There is a step three if steps one and two don’t work. Give it a few weeks. Email me at lauri[at]lawscomm.net if you’re not verified with steps one and two.
Too many law enforcement agencies follow no one or just other law enforcement agencies. In a training session on the west coast recently it occurred to me that there’s a misperception in law enforcement that you’re expected to actually read the tweets of everyone you follow. That’s not true and no one does that. Power users of Twitter read tweets with third party tools like Tweetdeck or HootSuite which allow you to put tweeters into lists and read those who are important to you.
The reasons to follow Twitter accounts that are relevant to law enforcement is first and foremost
- to counteract the perception on the part of some that law enforcement is unapproachable. Not following other tweeters only reinforces that attitude and that’s harmful to your image and that of law enforcement everywhere;
- You’ll get more followers if they can see that you might follow in return. It’s simply a part of Twitter culture;
- Not following anyone says to the rest of the Twitterverse “we don’t really know what we’re doing here on Twitter”;
My best recommendation is follow:
- your citizens
- other law enforcement agencies
- Other social media experts who provide useful information like @mashable @socialmedia2day and many others.
For more Twitter accounts you might find interesting, check out the lists on my Twitter page. I have lists of law enforcement agencies worldwide, individual cops, law enforcement media, vendors, etc.
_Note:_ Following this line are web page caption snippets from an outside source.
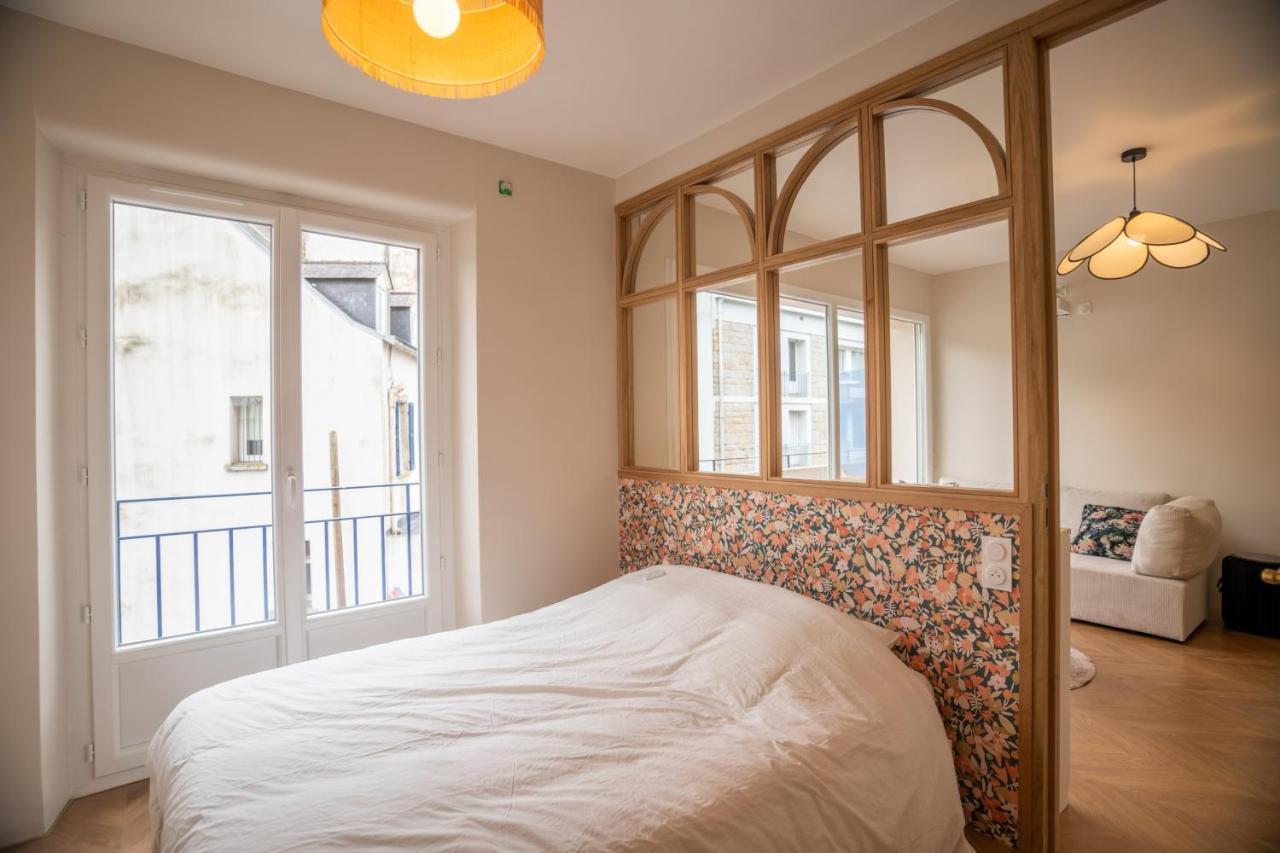 T2 Plein Sud - Parking - Balcon Vue Odet - Renove Par Un Architecte Apartment Кимпер Екстериор снимка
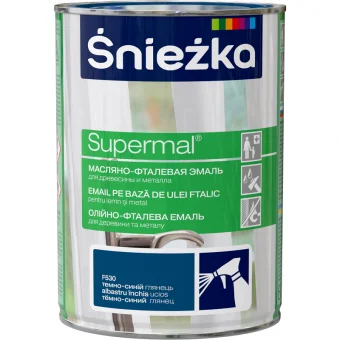 Vopsea email SNIEZKA Supermal albastru-închis 0.8L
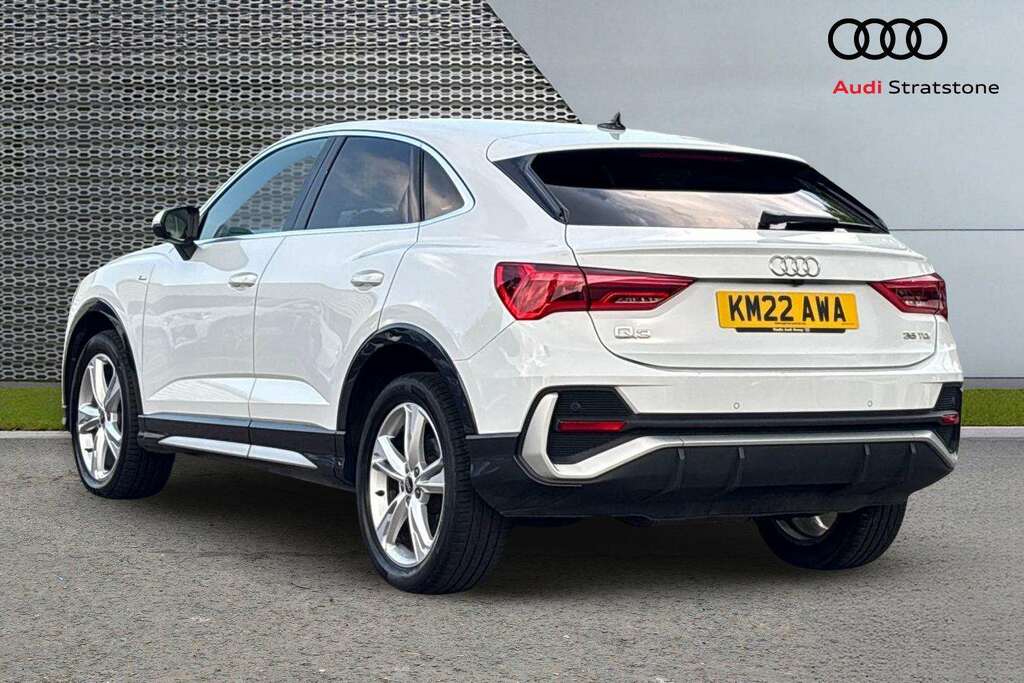 Audi Q3 35 Tdi S Line S Tronic 2022 White #3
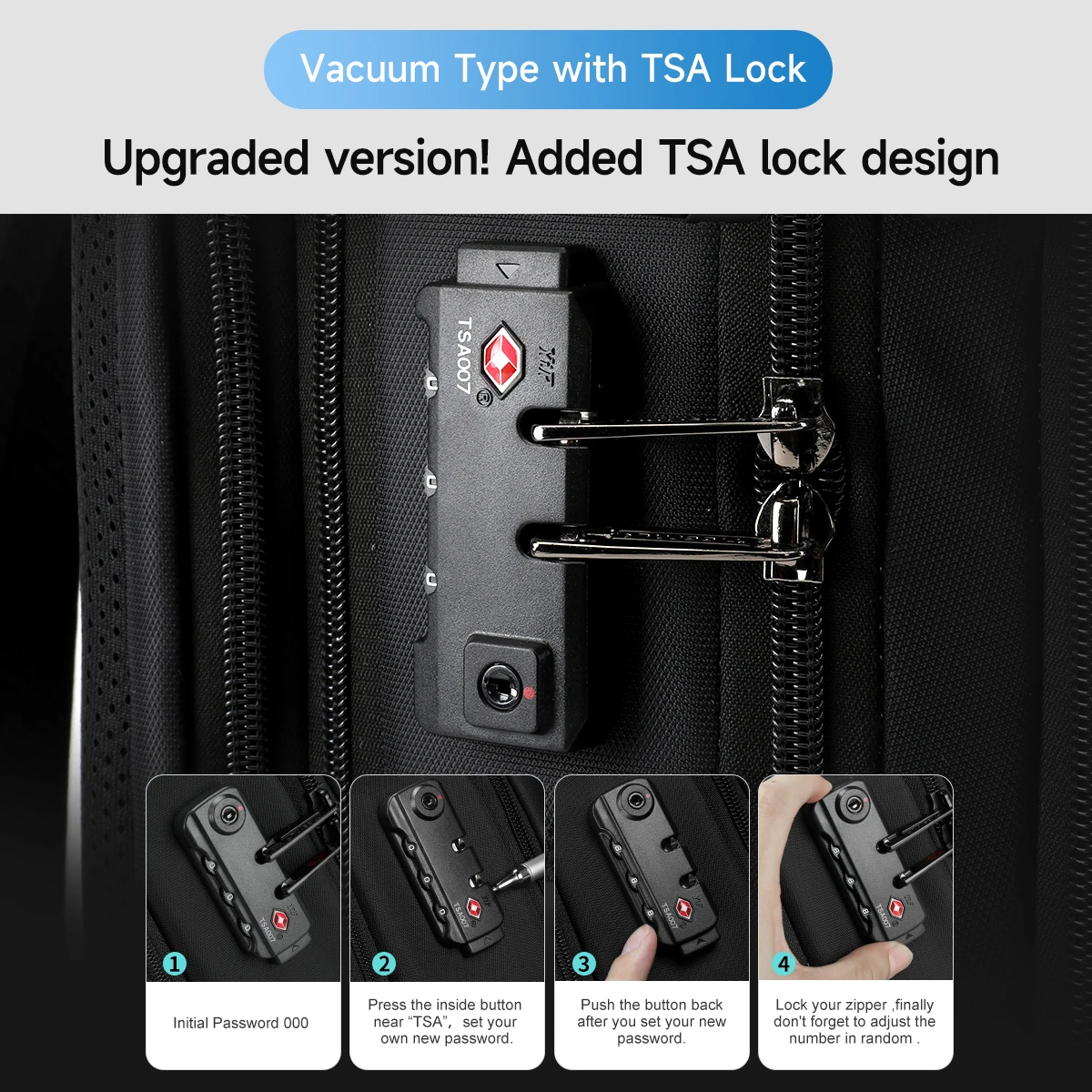 Tigernu Vakuum-Kompressionsrucksäcke für Herren, Reiserucksack, erweiterbare USB-Tasche, große Kapazität, 17-Laptoptaschen für Schulkabinen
Poke through them and you’ll find some tweeters that interest you.
This is not only how the fun begins but it’s essential in order to realize the potential relationship-building opportunities. At the very least, monitor your “at replies” or “@ replies”. That is, anytime someone tweets something to you or mentions you in a tweet that is not necessarily directed to you. This is one simple way to see what people are saying about your agency. And, if they’re tweeting to you, answer them. You’ll find people will ask questions for clarification on something you may have tweeted. It’s a golden opportunity to repeat your message and generate good will. The bottom line is, talk to people.
Building relationships online (not solely on Twitter) is key when something happens and you need the support of your community. You have to “build your nest” before you need it. Waiting until there’s a crisis to get started is the wrong time. There are countless examples every day where a law enforcement agency could have better leveraged social media during an event, whether it is a missing child, riots or large public gatherings. Don’t wait until it happens. Engage and build your audience now. It will be there for you when the time comes.
4. Learn the fine art of the hashtag.
There have been many examples of law enforcement following hashtags to monitor gang activity or the like. But few agencies seem to understand how to use a hashtag to affect the outcome of a situation. Let’s say there’s a big sporting event in your town and your agency wants to communicate traffic control concerns. Run a few simple Twitter searches until you find the hashtag being used by others to discuss the event. The hashtag is the word, or letter combination preceded by the # sign that you will likely see in many tweets relating to the event. As you tweet messages about that event, include that hashtag in your tweets as well. That puts your messages into the stream that people are following for that event. That means, followers of that event can’t help but see your messages as well.
Anytime something happens and you want to be sure the key people are reading your tweets, using the hashtag puts your tweets into that stream and even the people who AREN’T FOLLOWING YOU will see them. Rioters, anarchists, other troublemakers aren’t likely to follow you. But you can reach them and possibly affect the outcome of the situation by inserting your tweets into the conversation.
5. Manage your Profile.
Click “settings”, then click “profile”. Three things to check in here.
- Location: make sure you include your state and country.
- Web: when listing your department website, take out the “www”. It just takes up space. The link will still work without the w’s and more of your web address will be visible.
- Bio: You get 160 characters in your bio. Consider including the name(s) of the persons managing the account. You might also include a statement reminding people to use 911 report crime/emergencies.